Il ne faut donc pas s’étonner que les adolescents, japonais comme français d’ailleurs, ne soient pas vraiment empressés de jouer le jeu qu’offre cet idéal de consommation amorphe.
Notes
[1] Le titre fait référence à la série mère, Shin Megami Tensei, dont le jeu reprend le système de combat. Mais l’atmosphère légère et les personnages s’apparentent plus à ceux des Persona, plus vendeuse.
Vos commentaires
Cédric Muller # Le 1er novembre 2016 à 16:32
Non. Il ne faut pas s’étonner. En revanche, ils s’empressent pour faire la guerre, virtuelle. Intéressant. Aucun jugement moral de ma part. Juste intéressant.
L’article est très bon.
Bobophonique # Le 5 novembre 2016 à 08:24
J’ai personnellement aime ce jeu, certes moins profond que Persona 3 et 4, mais très bien fini, et doté d’une ergonomie parfaite et d’un habillage graphique rutilant. Du pop art, en somme. Par ailleurs, je choisis 100 fois ce conformisme nunuche, face au conformisme morbide des étudiants en premier cycle de sciences sociales qui décryptent le monde depuis le fond d’un puits.. c’est ce qu’oublient souvent en effet. Is petits prédicateurs modernes : tout ça n’est pas sérieux,et il est évident, si l’on a pratiqué les autres jeux d’atlus, que cette affectation de réhabilitation spirituelle de la soupe poppy est une plaisanterie douce-amère. Un détail au passage : quand je vois que tout élément erotique est aujourd’hui qualifié de "rance" dans la presse jeu vidéo, je me dis que cette jeunesse qui ne se laisse pas avoir par le marketing est en revanche mûre pour les barbus ;)
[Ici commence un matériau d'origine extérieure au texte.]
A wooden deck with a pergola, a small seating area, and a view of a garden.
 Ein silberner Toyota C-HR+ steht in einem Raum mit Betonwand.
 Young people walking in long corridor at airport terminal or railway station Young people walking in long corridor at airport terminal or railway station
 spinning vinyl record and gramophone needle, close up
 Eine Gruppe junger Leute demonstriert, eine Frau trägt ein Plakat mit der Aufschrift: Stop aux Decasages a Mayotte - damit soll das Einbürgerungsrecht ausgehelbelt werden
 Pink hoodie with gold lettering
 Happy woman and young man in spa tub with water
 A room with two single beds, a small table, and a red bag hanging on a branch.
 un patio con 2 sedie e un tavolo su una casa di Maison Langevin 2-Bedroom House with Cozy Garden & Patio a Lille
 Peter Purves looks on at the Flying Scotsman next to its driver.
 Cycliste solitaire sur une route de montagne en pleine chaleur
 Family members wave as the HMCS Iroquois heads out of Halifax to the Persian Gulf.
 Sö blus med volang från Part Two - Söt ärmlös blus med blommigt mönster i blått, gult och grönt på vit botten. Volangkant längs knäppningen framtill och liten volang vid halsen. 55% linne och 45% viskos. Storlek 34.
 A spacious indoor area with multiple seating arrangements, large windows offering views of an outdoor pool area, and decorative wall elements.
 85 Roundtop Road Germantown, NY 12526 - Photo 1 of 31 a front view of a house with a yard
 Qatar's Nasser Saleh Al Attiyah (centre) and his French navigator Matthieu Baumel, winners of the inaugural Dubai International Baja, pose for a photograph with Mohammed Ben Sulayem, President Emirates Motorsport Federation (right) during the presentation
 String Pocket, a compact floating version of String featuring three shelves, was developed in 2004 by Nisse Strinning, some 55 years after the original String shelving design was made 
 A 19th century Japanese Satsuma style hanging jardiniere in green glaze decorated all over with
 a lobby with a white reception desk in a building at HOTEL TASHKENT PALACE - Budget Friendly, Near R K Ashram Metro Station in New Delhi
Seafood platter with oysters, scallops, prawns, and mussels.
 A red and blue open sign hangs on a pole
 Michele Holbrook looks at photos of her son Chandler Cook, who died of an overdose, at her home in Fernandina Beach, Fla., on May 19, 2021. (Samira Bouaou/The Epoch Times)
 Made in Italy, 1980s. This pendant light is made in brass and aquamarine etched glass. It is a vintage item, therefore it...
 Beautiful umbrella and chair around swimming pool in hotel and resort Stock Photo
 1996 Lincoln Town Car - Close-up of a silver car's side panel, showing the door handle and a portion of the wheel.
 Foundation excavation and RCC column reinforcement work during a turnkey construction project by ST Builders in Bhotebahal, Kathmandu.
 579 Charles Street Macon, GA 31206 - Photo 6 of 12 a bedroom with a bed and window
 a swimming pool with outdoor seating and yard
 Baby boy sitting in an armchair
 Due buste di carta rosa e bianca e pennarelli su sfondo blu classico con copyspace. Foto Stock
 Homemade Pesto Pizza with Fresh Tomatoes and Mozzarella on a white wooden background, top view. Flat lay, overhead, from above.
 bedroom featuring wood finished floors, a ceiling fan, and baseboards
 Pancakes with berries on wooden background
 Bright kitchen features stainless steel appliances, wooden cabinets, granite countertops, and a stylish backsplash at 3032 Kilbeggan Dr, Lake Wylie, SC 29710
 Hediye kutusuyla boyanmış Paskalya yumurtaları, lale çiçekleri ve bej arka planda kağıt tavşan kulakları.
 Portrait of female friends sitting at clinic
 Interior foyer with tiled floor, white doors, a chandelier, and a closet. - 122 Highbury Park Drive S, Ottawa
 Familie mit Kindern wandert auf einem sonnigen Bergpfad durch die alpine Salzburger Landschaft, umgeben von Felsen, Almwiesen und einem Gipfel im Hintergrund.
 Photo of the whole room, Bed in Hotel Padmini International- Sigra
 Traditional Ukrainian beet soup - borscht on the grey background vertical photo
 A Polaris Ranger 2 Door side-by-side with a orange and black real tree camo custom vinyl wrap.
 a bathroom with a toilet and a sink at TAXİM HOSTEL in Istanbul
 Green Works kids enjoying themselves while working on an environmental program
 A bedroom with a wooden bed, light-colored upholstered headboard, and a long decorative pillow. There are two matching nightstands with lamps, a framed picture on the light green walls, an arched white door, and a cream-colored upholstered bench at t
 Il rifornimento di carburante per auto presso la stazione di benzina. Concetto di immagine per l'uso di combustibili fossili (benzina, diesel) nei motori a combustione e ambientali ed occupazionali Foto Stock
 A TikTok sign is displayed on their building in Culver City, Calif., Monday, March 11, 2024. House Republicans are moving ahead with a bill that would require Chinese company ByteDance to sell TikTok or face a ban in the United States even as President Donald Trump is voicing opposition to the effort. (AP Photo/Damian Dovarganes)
Martin Lefebvre # Le 5 novembre 2016 à 15:52
Le gars qui te traite de prédicateur parce que tu as l’audace de ne pas apprécier un jeu étant évidemment un modèle d’ouverture. :)
J’ai vraiment essayé de prendre le jeu pour une plaisanterie, sauf qu’au bout de trente heures de jeu je cherchais toujours la chute. Je crains malheureusement que TMS ne se soit un peu trop laissé entraîné dans sa nunucherie pour prendre la moindre distance.
Mais sinon l’érotisme n’est pas forcément rance. Il n’y a pas que TMS dans la vie.